### What to produce
Transcribe the data underneath exactly, keeping every word in place.
※
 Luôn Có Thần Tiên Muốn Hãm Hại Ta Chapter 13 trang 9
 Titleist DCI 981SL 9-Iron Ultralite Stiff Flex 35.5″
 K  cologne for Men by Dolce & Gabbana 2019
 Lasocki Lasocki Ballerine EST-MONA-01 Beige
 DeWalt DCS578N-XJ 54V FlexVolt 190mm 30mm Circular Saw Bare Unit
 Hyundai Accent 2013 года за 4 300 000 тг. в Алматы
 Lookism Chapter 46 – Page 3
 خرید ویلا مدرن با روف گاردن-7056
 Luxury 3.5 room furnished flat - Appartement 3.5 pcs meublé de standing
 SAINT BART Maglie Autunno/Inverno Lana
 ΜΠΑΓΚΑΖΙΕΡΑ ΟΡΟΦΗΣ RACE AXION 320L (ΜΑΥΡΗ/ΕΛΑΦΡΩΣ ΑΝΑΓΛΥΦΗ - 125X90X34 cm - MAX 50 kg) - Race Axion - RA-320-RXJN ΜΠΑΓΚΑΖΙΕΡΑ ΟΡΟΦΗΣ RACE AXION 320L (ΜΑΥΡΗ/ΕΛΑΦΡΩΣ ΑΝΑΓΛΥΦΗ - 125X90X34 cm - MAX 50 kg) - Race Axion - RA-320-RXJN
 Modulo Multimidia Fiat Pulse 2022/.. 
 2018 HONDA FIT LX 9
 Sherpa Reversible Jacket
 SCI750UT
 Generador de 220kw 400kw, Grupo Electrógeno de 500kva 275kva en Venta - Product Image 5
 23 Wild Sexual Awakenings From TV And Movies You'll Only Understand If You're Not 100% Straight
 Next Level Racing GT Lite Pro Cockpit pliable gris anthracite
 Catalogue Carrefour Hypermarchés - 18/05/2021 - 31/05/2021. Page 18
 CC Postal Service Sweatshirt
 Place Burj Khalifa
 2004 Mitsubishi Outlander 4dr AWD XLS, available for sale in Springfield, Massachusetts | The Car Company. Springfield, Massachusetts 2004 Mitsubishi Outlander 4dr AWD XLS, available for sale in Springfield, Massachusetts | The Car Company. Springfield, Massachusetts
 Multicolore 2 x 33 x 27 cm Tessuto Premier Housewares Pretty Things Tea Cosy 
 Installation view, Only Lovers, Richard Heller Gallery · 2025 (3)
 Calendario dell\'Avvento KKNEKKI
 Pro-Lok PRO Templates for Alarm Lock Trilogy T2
※
### Solution to the problem
 Luôn Có Thần Tiên Muốn Hãm Hại Ta Chapter 13 trang 9
 Titleist DCI 981SL 9-Iron Ultralite Stiff Flex 35.5″
 K  cologne for Men by Dolce & Gabbana 2019
 Lasocki Lasocki Ballerine EST-MONA-01 Beige
 DeWalt DCS578N-XJ 54V FlexVolt 190mm 30mm Circular Saw Bare Unit
 Hyundai Accent 2013 года за 4 300 000 тг. в Алматы
 Lookism Chapter 46 – Page 3
 خرید ویلا مدرن با روف گاردن-7056
 Luxury 3.5 room furnished flat - Appartement 3.5 pcs meublé de standing
 SAINT BART Maglie Autunno/Inverno Lana
 ΜΠΑΓΚΑΖΙΕΡΑ ΟΡΟΦΗΣ RACE AXION 320L (ΜΑΥΡΗ/ΕΛΑΦΡΩΣ ΑΝΑΓΛΥΦΗ - 125X90X34 cm - MAX 50 kg) - Race Axion - RA-320-RXJN ΜΠΑΓΚΑΖΙΕΡΑ ΟΡΟΦΗΣ RACE AXION 320L (ΜΑΥΡΗ/ΕΛΑΦΡΩΣ ΑΝΑΓΛΥΦΗ - 125X90X34 cm - MAX 50 kg) - Race Axion - RA-320-RXJN
 Modulo Multimidia Fiat Pulse 2022/.. 
 2018 HONDA FIT LX 9
 Sherpa Reversible Jacket
 SCI750UT
 Generador de 220kw 400kw, Grupo Electrógeno de 500kva 275kva en Venta - Product Image 5
 23 Wild Sexual Awakenings From TV And Movies You'll Only Understand If You're Not 100% Straight
 Next Level Racing GT Lite Pro Cockpit pliable gris anthracite
 Catalogue Carrefour Hypermarchés - 18/05/2021 - 31/05/2021. Page 18
 CC Postal Service Sweatshirt
 Place Burj Khalifa
 2004 Mitsubishi Outlander 4dr AWD XLS, available for sale in Springfield, Massachusetts | The Car Company. Springfield, Massachusetts 2004 Mitsubishi Outlander 4dr AWD XLS, available for sale in Springfield, Massachusetts | The Car Company. Springfield, Massachusetts
 Multicolore 2 x 33 x 27 cm Tessuto Premier Housewares Pretty Things Tea Cosy 
 Installation view, Only Lovers, Richard Heller Gallery · 2025 (3)
 Calendario dell\'Avvento KKNEKKI
 Pro-Lok PRO Templates for Alarm Lock Trilogy T2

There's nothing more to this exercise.